The City of Los Angeles shared new specifics and the latest updates on its mixed-use office building planned to go up on the former site of the Parker Center last week. The community meeting, held at the Japanese American Cultural and Community Center in Little Tokyo on the evening of Tuesday, Nov. 19, was the first since a request for qualifications was sent out in April.
The meeting centered on the ongoing construction of Los Angeles Street Civic Building, which is the first phase of the city’s wider Civic Center Master Plan, which is aimed at reshaping the center of city and county government with new office and residential buildings, and pathways linking the area to the Historic Core, Little Tokyo, and El Pueblo.
Approximately 40 people attended, including developer representatives and residents of Little Tokyo, and members of the Bureau of Engineering and Department of City Planning.
“This will be the first of what we hope to be a brand new Civic Center,” Shawn Kuk, planning director for 14th District City Councilman José Huizar, said at the meeting. “This prospective district will rekindle relationships [with other neighborhoods] that were lost many decades ago.”
The meeting was centered on providing details about the expected building and briefing Angelenos on the next steps, including the request for proposals process, set to start in early 2020.
The project would be developed by a public-private partnership, with the private developer handling design, financing, construction and long-term operation. The city would then, once the building is ready for occupancy, begin making annual payments on it, according to Reza Bagherzadeh, project head for the building at the Bureau of Engineering. After 30 years of payments, the building will fall into full city ownership.

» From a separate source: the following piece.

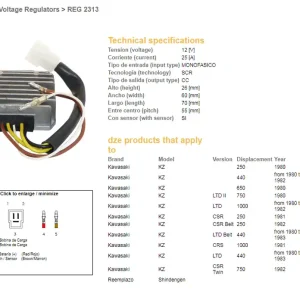 Hit Sezóny DZE regulátor napětí KAWASAKI KZ 250 80; KZ 440LTD 80-83; KZ 650/750 80; KZ 1000LTD 80-83 (SH222-12)
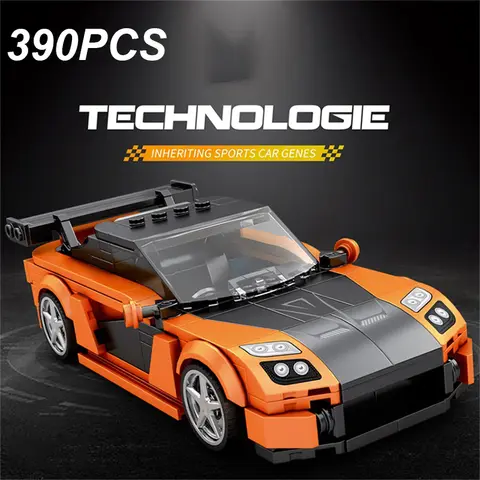 390PCS RX7 스포츠카 빌딩 블록 크리 에이 티브 도시 차량 클래식 자동차 모델 벽돌 데스크탑 디스플레이 장난감 어린이 휴일 선물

The city requires that the building be able to house 3,000 workers, as well as underground parking, a conference center, a childcare center, ground-floor retail space, and a 2,000-3,000-square-foot community center. The city is looking for the building to be anywhere from 15-29 stories tall, Bagherzadeh said.
Initial plans also call for a new east-west paseo to be created on the south end of the site, linking Los Angeles and Judge John Aiso streets.
Bagherzadeh said that once the RFP is released next year there will be a blackout period until a preferred proposal is selected in early 2021, at which point community engagement would begin again.
Prior to 2009, the Parker Center served as the headquarters of the Los Angeles Police Department. The building was originally constructed in 1955 but was given the Parker Center moniker in 1966 to honor former Los Angeles Police Department chief William H. Parker. The site had grown infamous since its construction, as a symbol of the LAPD’s militarization under Parker’s watch.
The Los Angeles Street Civil Building is expected to break ground by the end of 2021 after the site is fully cleared. If the time line holds the Bureau of Engineering expects the building to be finished by 2024.